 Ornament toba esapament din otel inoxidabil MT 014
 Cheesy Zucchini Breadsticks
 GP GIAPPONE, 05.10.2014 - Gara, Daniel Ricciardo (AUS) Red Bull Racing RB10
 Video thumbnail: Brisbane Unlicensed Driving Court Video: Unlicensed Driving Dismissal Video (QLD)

★ ★ ★

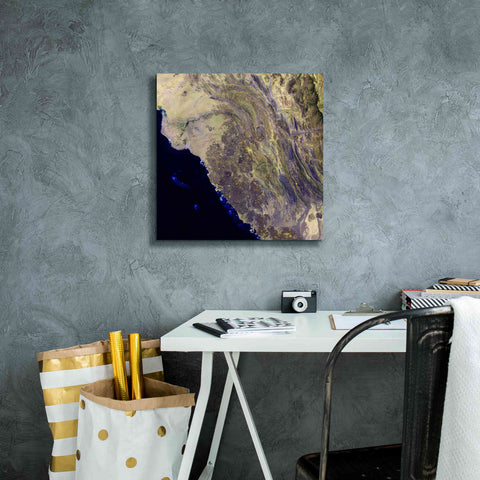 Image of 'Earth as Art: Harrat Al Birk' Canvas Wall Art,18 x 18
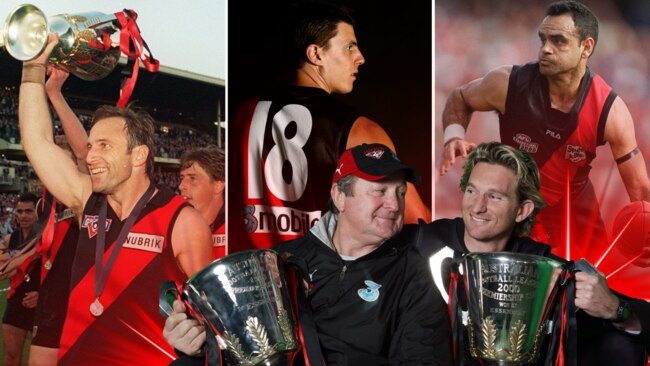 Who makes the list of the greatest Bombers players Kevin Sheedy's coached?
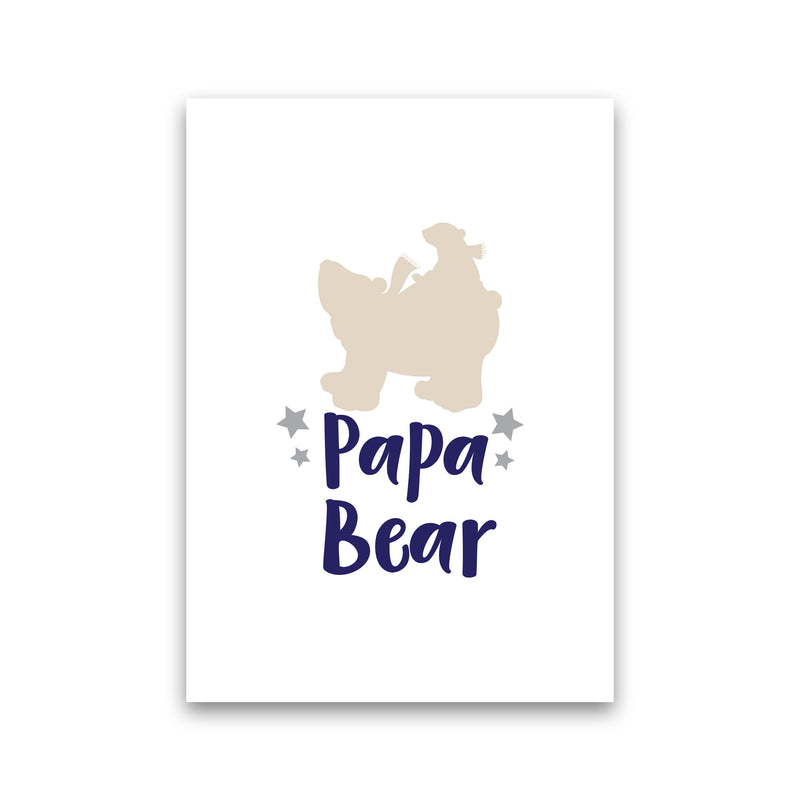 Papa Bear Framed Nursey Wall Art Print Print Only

★ ★ ★

EXERCISE PROMPT:
Out of the data above, transcribe exactly and only the lines starting with the line that has "Cheesy Zucchini Breadsticks" and going on through the line that has "Video thumbnail: Brisbane", both included.

ANSWER FOR THE TASK:
 Cheesy Zucchini Breadsticks
 GP GIAPPONE, 05.10.2014 - Gara, Daniel Ricciardo (AUS) Red Bull Racing RB10
 Video thumbnail: Brisbane Unlicensed Driving Court Video: Unlicensed Driving Dismissal Video (QLD)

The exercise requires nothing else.